July 25, 2018 by Methow Valley News

Naked-EyeBy David Ward

August is meteor shower month, and if the skies are still clear of smoke, it will be a great time to see lots of shooting stars. Last year’s show was spoiled by a large, bright moon that washed out the dark skies. This year the moon is out of the way and will not interfere with the show.

Most any night in mid August will produce more meteors than normal but the nights of Aug. 11-12 and 12-13 will probably be best. As always when looking for meteors, late at night is best, when we are peering into the direction in which the earth is traveling through space. I sometimes think of it as looking out the front windshield of a car. Driving through a snowstorm, are you going to see more snowflakes hit the rear window or the front?

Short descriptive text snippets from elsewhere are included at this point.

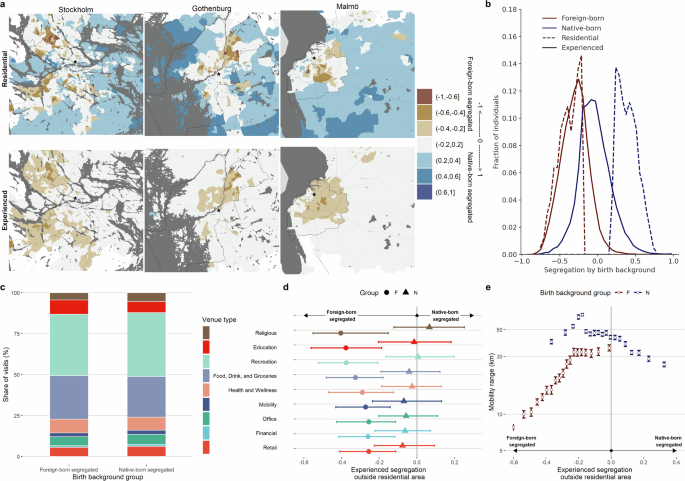 The effect of limited mobility on the experienced segregation of foreign-born minorities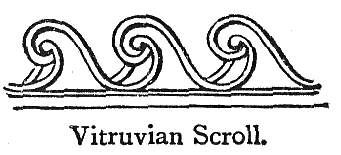 Vitruvian_Scroll.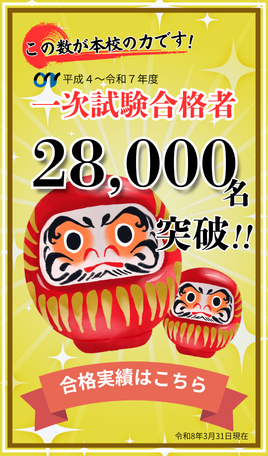 1次試験合格実績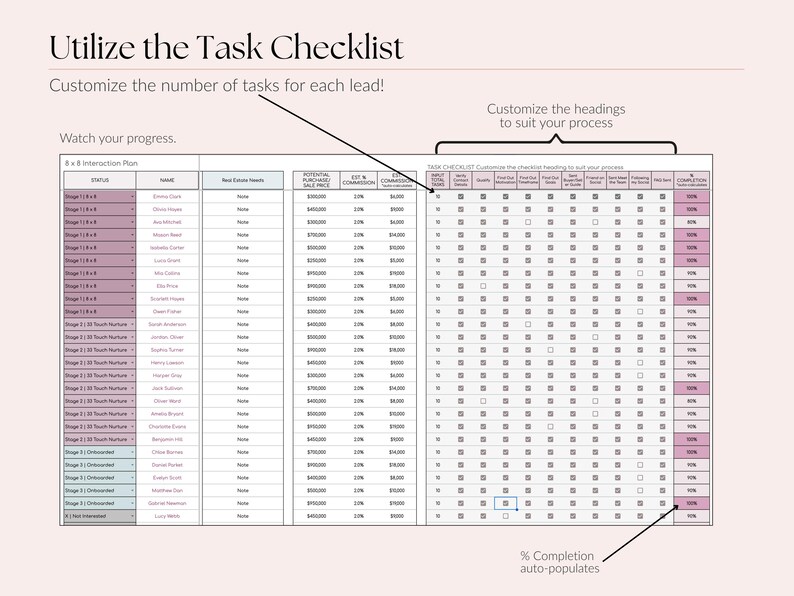 Op de afbeelding: Een taakchecklist sjabloon met een roze achtergrond. De titel luidt "Gebruik de taakchecklist". De afbeelding bevat een aanpasbare tabel met kolommen voor leadinformatie en taakvoltooiing. Tekst bevat "Pas het aantal taken voor elke lead aan!" en "Bekijk uw voortgang."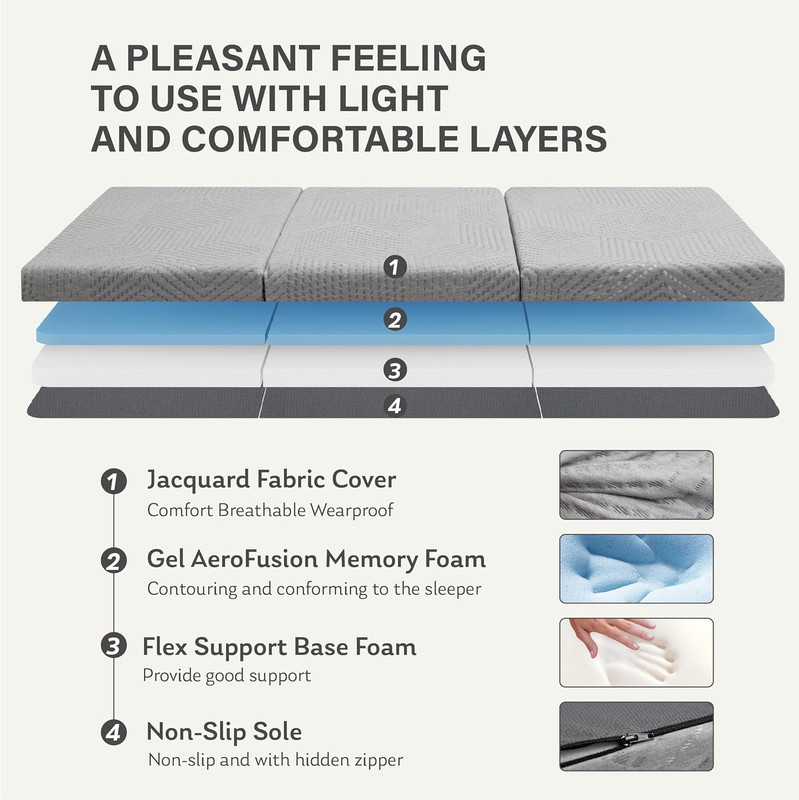 Foldable Mattresses Tri-Fold Gel Memory Foam Twin Queen King Choose Your Size gallery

The August meteors are called the Perseids because they appear to come from the constellation Perseus. Actually those stars are a zillion times farther away than the meteors, which are only 50 or 75 miles up. Most of the shooting stars we see are about the size of grape nut cereal kernels and are leftover debris from a comet that we run into every year in our journey around the sun.

These little bits of rocks are traveling fast, about 35 miles per second, and when they hit our atmosphere they heat up fast. What we see is an ionized column of super-heated air. The Perseids are also known for bolides, large fireballs with long glowing tails which sometime explode into several or more smaller pieces.

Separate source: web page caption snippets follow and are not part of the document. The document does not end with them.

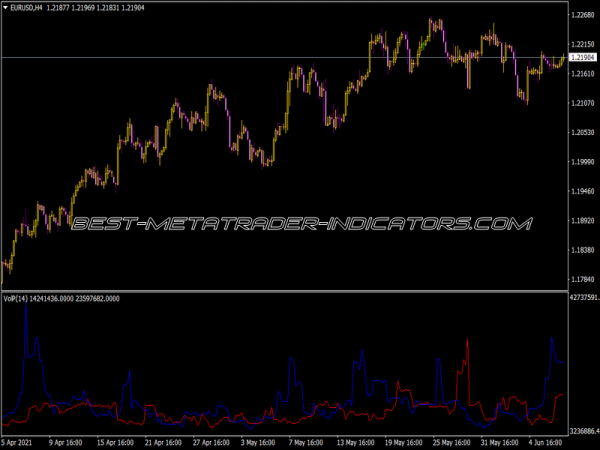 Volume Per Pip Move Indicator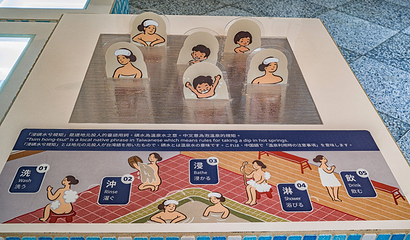 北投温泉博物馆第 26 张图片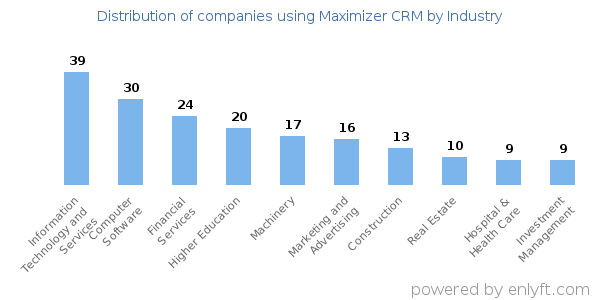 Companies using Maximizer CRM - Distribution by industry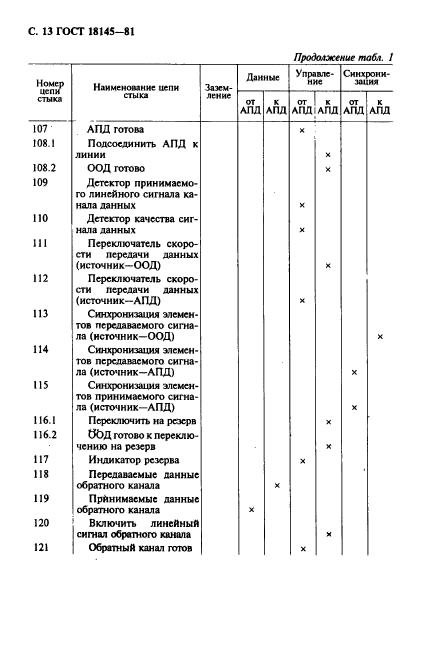 ГОСТ 18145-81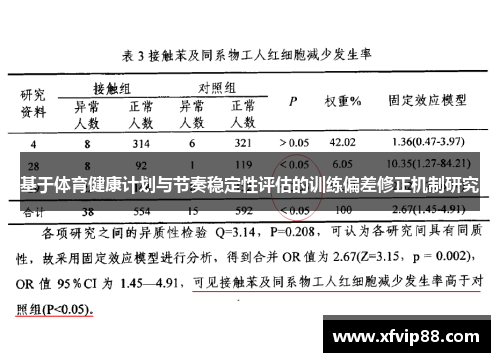 基于体育健康计划与节奏稳定性评估的训练偏差修正机制研究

It does not take any special equipment or training to look for meteors. Just lay back in your favorite lounge chair with some bug spray and enjoy the show. While you are out there, there are plenty of other night sky sights to see.

Over in the east just after it gets dark, you cannot miss a very bright reddish, UFO-looking object. That is Mars, and we are closer to it than we have been for a while. To the right of Mars, dimmer Saturn glows with a yellowish color and bright Jupiter is farther right still. Just after sunset, brilliant Venus lights up the western sky.

Our cosmic home

August is a great time to take in the big picture out there, our home in the vast cosmos, the Milky Way Galaxy. The ancient Greeks thought it was breast milk of a goddess, hence its name, or a giant celestial river. On a dark moonless night, its dim glow can be seen traversing the sky from north to south going right over head. What you are looking at is a spiral arm composed of billions of suns. Down low in the south near Saturn, the center of the galaxy shines far, far beyond the ringed planet.

It is impossible for us to comprehend the size of our cosmic home. The closest part of it that we can see overhead is 6,000 light years distant. Want to translate that into miles? Multiply 6,000 times 6,000,000,000,000 and that may give you an idea of how far away from us it is. The whole thing, which is in the shape of a pinwheel, is 100,000 light years across.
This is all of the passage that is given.